Some tubes, some glue and some Mt. Dew to fuel their creativity, siblings Jacob and Hannah Reimche of Wilton get to work on their bridge at bridge-building contest Saturday in Muscatine. Photo: Mike Ferguson/Muscatine Journal

Students’ span-do attitude helps them learn about building bridges at local contest

MUSCATINE, Iowa – Nineteen students from both sides of the Mississippi River spent Saturday morning building paper bridges destined to be crushed.

This they did gladly – in part because they were vying for

$50 prizes — but that wasn’t the only reason.

“It’s fun,” said Kyle Lund, a fifth-grader from Wilton, who was teaming up with his friend, Ronen Santiago, another Wilton fifth-grader. “It gets you out of the house, and gives you something to do with your hands.”

“It definitely would take a lot of work to build a real bridge,” said Jacob Reimche, a Wilton fourth-grader.

“And I probably won’t grow up to be an engineer,” said his 11-year-old sister, Hannah, who teamed with her brother to build an entry.

Musco Lighting hosted a bridge-building contest in which students grades 4 through 12 could use only paper, glue, rulers, scissors and tubes (for rolling strong bridge beams).

Dave Moritz, an engineer for Stanley Consultants, and wife Diane, a Wilton science teacher, organized the contest, with a lot of help from their friend, Bob Windt of Cordova, Ill.

Windt, 70, is a retired

aerospace engineer and the builder of more than 100 working hovercrafts. He has a long history working with students to get them as excited about science as he is.

“I just love it,” he said, “when you see a light bulb go on over a kid’s head.”

“You walk into Bob’s house,” Moritz said, “and it’s like a toy shop.”

Windt opened his time with the students by showing them a book describing how engineers design strong bridges. He gave students a few pointers for their designs, such as “use your worst-looking pieces on the bottom, because they’re probably the strongest pieces” and “don’t glob on the glue, because it’ll add too much weight,” before turning students loose to get to work.

Windt also brought along prototypes of miniature hovercraft he’s designed, along with rockets and gliders, all homemade from readily-available materials. His motto: “The best toys are the ones you make yourself.”

Windt grew up in Chicago, where he said he and his brother could easily purchase chemicals like potassium nitrate for use as fuel in their homemade model rockets. Once his brother purchased a five-gallon bucket of shotgun shells, which the boys took apart for the gunpowder to fire their rockets.
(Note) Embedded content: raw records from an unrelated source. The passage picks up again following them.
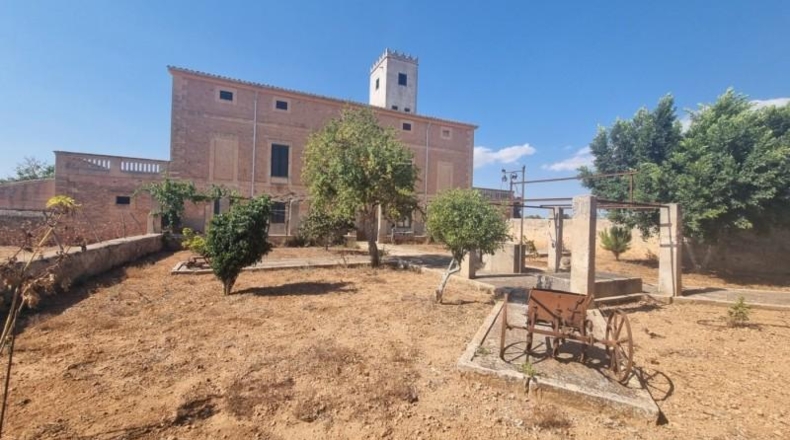 Balearic Islands - Algaida - 980000m2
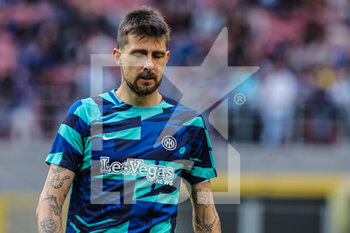 2023-04-01 - Francesco Acerbi of FC Internazionale looks on during Serie A 2022/23 football match between FC Internazionale and ACF Fiorentina at Giuseppe Meazza Stadium, Milan, Italy on April 01, 2023 - INTER - FC INTERNAZIONALE VS ACF FIORENTINA - ITALIAN SERIE A - SOCCER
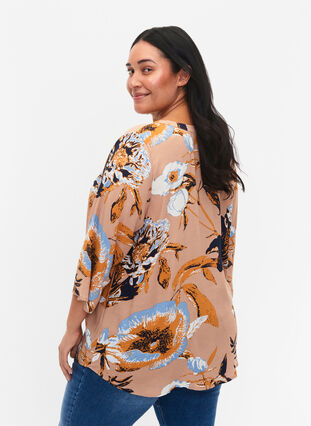 Blus i viskos med 3/4 ärmar, Blue Flower AOP, Model image number 1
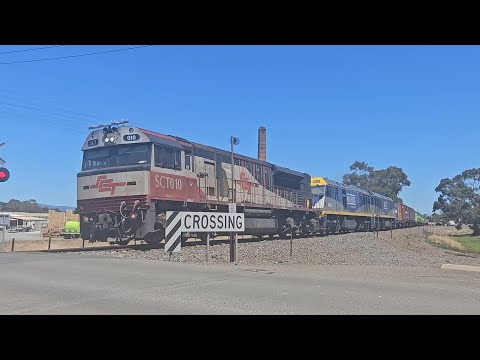 7922V SCT up "Dooen Express" (SCT, EL, EL), Dooen to Melbourne, 1210, 5/12/24, Stawell VIC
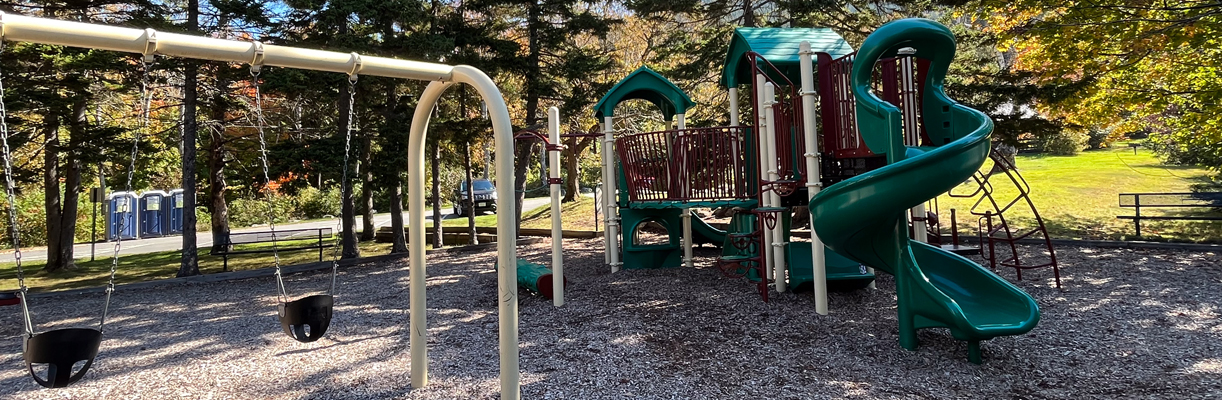 playground at winslow state park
“Our garage had a lot of holes from our misfirings,” he said, chuckling.

After two hours of bridge-building, students brought their bridges forward so that Moritz and Windt could see how much stress they could stand up to.

A dial indicated how much pressure each bridge withstood before it failed. Dividing that number by the bridge’s weight determined three winners: Tyler Much of Muscatine High School, Max Cremer of Pleasant Valley Junior High School in LeClaire and Noah Brown of Wilton Elementary School. Each took home $50, courtesy of Musco Lighting.

Children learn much better by doing than by watching, Windt said, and he’s got a lifetime of testimonials to prove it.

“Kids are always telling me, ‘That’s the best day I ever had in school!’” he said.